**YOUR OBJECTIVE**
Your output should be the lines below from the one with "في الذكرى السادسة" through the one with "800 N Clay St #B - Photo 4 of 11", copied exactly, pictures excluded.

▶

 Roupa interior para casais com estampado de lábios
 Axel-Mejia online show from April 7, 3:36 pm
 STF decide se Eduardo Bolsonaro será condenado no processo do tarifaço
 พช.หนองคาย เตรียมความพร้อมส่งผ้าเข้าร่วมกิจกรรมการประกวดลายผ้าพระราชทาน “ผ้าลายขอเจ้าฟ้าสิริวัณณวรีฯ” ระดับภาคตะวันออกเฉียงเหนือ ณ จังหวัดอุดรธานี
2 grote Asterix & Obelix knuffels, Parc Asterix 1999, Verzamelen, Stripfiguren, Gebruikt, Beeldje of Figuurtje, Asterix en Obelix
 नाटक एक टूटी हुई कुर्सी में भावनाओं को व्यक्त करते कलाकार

◀
▶

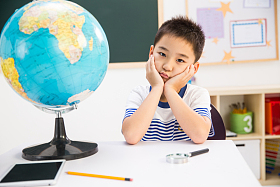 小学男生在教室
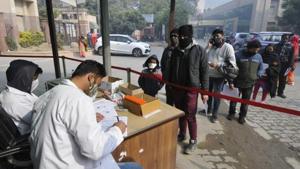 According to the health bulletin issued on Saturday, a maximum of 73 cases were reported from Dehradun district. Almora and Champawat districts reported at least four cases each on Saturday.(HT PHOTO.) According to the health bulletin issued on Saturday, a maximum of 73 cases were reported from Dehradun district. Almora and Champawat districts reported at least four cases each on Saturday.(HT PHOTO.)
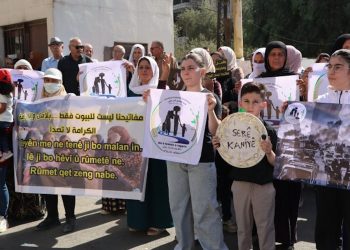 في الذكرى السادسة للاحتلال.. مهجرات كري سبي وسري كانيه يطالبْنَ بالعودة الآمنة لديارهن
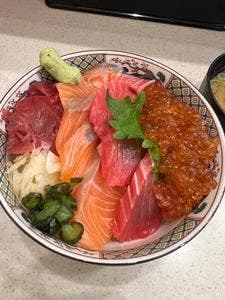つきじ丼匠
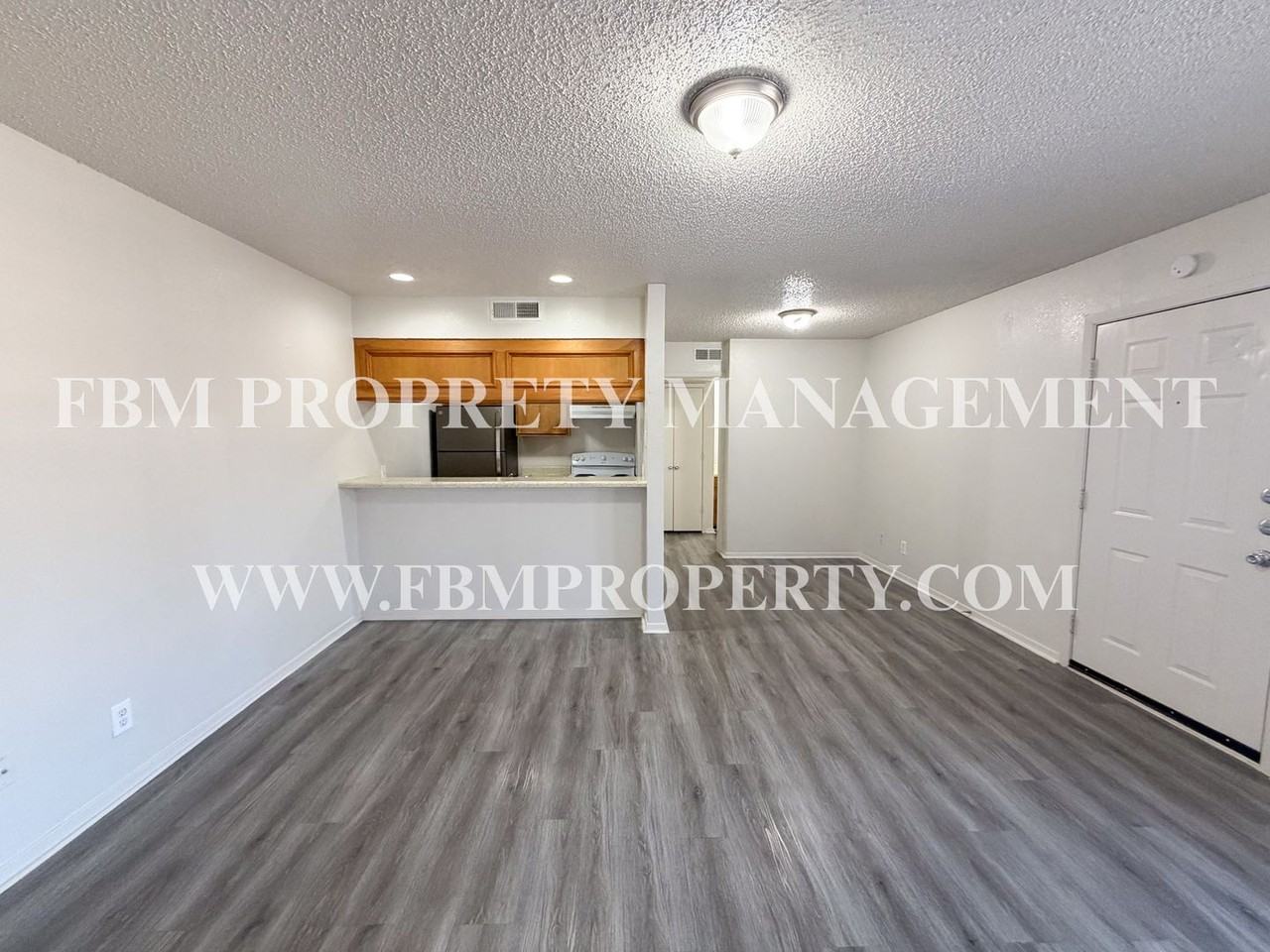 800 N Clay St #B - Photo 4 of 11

◀

**ANSWER AREA**
 في الذكرى السادسة للاحتلال.. مهجرات كري سبي وسري كانيه يطالبْنَ بالعودة الآمنة لديارهن
つきじ丼匠
 800 N Clay St #B - Photo 4 of 11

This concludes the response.